Node Offline... no idea why

I have one sigle node

This just happened to one of my nodes. I took it down for a couple of hours and when I brought it back online the dashboard reports that is is offline.

https://www.yougetsignal.com/ reports the port as opened.

Other nodes on the same network are operational.

Please, check your identity: https://documentation.storj.io/dependencies/identity#confirm-the-identity

It seems things are fine on that end …

grep -c BEGIN ca.cert returns 2

grep -c BEGIN identity.cert returns 3

These are the logs:

2020-08-31T22:23:19.865Z	INFO	Configuration loaded	{"Location": "/app/config/config.yaml"}
2020-08-31T22:23:19.880Z	INFO	Operator email	{"Address": "REDACTED"}
2020-08-31T22:23:19.880Z	INFO	Operator wallet	{"Address": "REDACTED"}
2020-08-31T22:23:20.204Z	INFO	Telemetry enabled
2020-08-31T22:23:20.217Z	INFO	db.migration	Database Version	{"version": 43}
2020-08-31T22:23:20.824Z	INFO	preflight:localtime	start checking local system clock with trusted satellites' system clock.
2020-08-31T22:23:21.391Z	INFO	preflight:localtime	local system clock is in sync with trusted satellites' system clock.
2020-08-31T22:23:21.391Z	INFO	bandwidth	Performing bandwidth usage rollups
2020-08-31T22:23:21.391Z	INFO	trust	Scheduling next refresh	{"after": "5h7m57.232603171s"}
2020-08-31T22:23:21.392Z	INFO	Node [REDACTED] started
2020-08-31T22:23:21.392Z	INFO	Public server started on [::]:28967
2020-08-31T22:23:21.392Z	INFO	Private server started on 127.0.0.1:7778

Also:

Suspension Score = 100%
Audit Score = 100%

One thing to note, is that this node was moved from an arm device to amd64, though I don’t think thats an issue as I have done the same in the past.

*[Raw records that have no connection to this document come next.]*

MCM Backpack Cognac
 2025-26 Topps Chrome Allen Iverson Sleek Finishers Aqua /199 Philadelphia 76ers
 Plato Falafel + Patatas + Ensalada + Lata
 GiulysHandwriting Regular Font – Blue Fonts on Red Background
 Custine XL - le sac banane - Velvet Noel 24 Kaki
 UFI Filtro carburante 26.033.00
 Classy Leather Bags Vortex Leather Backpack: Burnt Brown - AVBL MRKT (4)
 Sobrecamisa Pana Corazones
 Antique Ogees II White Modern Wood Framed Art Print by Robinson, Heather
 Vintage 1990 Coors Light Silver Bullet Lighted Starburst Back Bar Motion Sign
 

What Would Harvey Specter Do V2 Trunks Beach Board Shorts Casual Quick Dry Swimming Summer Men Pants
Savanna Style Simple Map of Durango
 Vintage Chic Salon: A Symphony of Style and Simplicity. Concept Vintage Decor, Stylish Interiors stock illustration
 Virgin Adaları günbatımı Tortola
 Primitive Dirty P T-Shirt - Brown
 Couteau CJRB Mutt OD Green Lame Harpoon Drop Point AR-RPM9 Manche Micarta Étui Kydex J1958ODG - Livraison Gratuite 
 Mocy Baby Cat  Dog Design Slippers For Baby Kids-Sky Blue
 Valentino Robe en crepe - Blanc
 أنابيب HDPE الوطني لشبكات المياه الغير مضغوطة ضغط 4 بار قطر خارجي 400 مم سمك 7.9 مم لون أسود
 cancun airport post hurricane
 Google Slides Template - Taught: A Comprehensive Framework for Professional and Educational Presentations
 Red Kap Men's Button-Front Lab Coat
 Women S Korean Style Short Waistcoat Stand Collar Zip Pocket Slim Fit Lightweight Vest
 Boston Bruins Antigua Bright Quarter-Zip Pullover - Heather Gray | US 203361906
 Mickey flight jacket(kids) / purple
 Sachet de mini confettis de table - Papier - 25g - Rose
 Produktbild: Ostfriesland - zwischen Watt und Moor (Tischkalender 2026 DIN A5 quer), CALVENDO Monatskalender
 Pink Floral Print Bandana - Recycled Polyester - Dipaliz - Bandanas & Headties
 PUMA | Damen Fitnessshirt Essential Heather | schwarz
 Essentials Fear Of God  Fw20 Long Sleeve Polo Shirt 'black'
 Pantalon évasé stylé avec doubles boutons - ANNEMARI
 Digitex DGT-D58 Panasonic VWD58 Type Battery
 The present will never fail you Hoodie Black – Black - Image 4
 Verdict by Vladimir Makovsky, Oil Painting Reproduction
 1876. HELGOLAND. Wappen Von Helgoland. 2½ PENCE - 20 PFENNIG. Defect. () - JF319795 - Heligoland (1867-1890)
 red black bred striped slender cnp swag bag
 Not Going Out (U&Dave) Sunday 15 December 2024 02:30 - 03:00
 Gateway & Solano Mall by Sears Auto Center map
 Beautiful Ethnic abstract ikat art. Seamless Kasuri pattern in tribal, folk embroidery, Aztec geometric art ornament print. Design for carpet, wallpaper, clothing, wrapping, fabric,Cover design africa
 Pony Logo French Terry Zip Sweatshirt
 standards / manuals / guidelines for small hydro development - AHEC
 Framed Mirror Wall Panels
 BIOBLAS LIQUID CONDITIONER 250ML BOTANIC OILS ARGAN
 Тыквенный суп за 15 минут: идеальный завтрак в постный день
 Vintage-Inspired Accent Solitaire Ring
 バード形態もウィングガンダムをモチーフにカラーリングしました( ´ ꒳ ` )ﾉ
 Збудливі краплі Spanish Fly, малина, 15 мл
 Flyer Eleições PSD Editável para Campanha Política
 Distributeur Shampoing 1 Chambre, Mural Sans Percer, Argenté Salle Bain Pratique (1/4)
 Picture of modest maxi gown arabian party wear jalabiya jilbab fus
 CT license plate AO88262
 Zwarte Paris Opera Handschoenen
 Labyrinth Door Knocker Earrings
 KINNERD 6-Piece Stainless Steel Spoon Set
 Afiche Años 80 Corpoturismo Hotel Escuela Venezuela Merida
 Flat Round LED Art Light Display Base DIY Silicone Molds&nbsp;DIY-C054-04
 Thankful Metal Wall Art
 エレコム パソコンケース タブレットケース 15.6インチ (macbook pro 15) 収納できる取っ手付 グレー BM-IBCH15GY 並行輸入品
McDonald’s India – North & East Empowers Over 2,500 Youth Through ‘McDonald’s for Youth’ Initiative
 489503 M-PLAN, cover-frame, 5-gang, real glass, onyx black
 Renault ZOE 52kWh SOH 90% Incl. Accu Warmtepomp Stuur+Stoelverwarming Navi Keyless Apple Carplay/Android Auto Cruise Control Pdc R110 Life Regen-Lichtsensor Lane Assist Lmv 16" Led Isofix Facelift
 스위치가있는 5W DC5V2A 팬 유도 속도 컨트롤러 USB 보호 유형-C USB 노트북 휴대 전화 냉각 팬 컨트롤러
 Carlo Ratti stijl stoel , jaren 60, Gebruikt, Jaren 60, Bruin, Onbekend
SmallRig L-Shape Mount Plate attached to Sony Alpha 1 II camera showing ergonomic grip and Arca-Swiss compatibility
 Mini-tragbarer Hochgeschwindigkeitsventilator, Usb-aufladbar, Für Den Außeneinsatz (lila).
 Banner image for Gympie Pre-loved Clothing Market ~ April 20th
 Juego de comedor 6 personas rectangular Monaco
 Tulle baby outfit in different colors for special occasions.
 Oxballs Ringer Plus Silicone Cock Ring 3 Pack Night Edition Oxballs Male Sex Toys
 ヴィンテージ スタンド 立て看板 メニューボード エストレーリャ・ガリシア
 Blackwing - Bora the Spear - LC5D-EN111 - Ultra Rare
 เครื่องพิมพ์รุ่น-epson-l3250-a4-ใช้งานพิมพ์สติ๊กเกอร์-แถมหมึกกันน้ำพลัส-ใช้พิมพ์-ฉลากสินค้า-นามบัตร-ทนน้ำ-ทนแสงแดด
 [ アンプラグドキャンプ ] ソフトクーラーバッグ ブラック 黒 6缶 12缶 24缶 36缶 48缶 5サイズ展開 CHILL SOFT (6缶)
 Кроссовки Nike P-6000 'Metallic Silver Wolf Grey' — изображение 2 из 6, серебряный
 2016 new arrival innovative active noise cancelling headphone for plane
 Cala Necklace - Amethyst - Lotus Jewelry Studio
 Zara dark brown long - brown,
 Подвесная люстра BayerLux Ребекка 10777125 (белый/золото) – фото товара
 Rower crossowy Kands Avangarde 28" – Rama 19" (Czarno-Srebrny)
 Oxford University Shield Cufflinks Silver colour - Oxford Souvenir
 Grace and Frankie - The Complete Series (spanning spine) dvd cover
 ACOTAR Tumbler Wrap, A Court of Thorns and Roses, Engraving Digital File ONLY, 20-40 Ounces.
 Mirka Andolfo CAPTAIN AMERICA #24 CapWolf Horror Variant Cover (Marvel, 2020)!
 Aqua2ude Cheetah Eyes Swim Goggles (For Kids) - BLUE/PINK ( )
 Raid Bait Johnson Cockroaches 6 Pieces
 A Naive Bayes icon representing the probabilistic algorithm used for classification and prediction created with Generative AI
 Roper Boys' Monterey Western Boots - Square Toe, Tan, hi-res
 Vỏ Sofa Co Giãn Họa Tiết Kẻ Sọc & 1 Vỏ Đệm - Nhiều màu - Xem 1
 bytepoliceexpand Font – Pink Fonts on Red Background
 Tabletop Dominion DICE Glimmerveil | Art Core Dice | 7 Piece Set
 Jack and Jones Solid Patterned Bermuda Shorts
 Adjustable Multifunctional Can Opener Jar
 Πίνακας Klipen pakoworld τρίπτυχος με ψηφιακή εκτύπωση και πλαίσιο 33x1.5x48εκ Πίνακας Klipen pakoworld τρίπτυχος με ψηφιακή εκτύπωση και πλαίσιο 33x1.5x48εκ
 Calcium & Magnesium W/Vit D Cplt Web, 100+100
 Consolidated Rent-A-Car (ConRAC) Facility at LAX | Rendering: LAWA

Update: moved the hard drive back to the arm device and the node came back online.

If you moved the node but didn’t change the port forwarding rule it will be an issue - each device have an own local IP, so you should update the rule too.

I did update the port and created a new forwarding rule.

Then please check what else in the network configuration is different. Perhaps you have an integrated firewall on the second system. Then you should create an inbound rule for the port. You also need to have a granted outbound access too.
The second thing - when you move the disk with data have you moved the tied identity too?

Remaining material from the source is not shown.